# Supplied data
━━━━━━━━

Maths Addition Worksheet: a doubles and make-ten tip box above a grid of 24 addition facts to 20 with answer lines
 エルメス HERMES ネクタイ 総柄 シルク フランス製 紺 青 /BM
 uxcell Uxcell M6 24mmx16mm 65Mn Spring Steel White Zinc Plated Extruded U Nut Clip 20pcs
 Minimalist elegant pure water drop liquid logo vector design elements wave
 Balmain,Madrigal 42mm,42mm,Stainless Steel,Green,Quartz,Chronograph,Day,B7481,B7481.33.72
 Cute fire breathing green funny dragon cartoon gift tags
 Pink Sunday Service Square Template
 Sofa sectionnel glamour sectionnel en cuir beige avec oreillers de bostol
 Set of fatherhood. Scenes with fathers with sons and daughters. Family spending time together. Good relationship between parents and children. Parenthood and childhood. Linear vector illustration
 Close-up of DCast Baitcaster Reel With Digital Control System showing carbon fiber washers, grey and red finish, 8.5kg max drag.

━━━━━━━━

# Problem
Tally the lines above containing "Steel". Answer with the count only.

# Task solution
2